First, the app is currently 100% Javascript. Its wrapped in a Django project because I’m going to have to make it online enabled at some point, but I wrote this app from the ground up to run in offline mode. This is a huge departure from traditional web 2.0 development (as of now, web 2.0 is to be considered ‘traditional’), where logic is mostly stored on the server and an ugly mess of ajax calls run that business logic on different events. Instead, I have a Javascript app that is surprisingly elegant. MVC under this architecture is basically SQLite (model), XHTML/CSS (view), and javascript (controller). Then I will have a workerpool to sync up with the server in the background.

As a result, the entire code-base for this app is being served to the web browser. So if you personally want to hack this app, you can download the source files from the browser. Basically, I can’t release this app as closed source. I could put a license on it forbidding you to modify or redistribute it, but you can still read the code; the source is open.

Of course, that’s not a problem for me, as I release most of my code as open source and its already up on github.

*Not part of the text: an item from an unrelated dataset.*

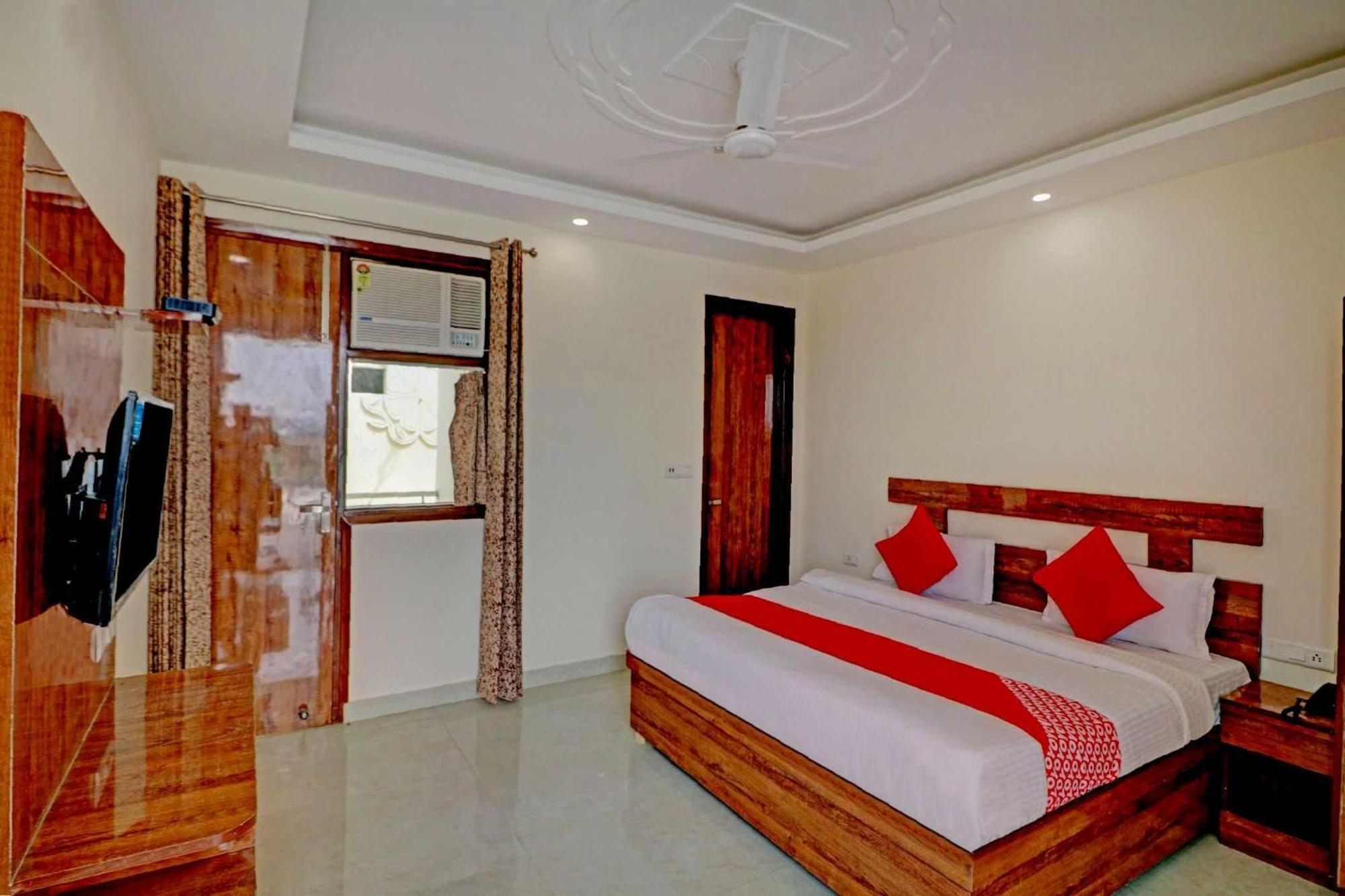 Oyo Flagship 80946 Galaxy Palace 3*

But it could kill corporate migration toward offline-enabled web 3.0. Because while its one thing to keep your trade secrets locked up on the server and provide a few incoherent javascript calls that interact with that API, it is a completely different beast to put your entire app available for download as a .js file.

I suspect the open source movement has gained enough momentum that any companies who have these fears will simply be put out of business by more modern outfits that will spring up to take their place. Otherwise, either web 3.0 will fail to grab market share, or somebody will come up with a way to ‘compile’ javascript into a standards compliant byte-code so they can pretend nobody can reverse engineer their app. This would be a damn shame as its a politically-motivated technically useless layer of complexity on a web based architecture that I am finally happy to be working with.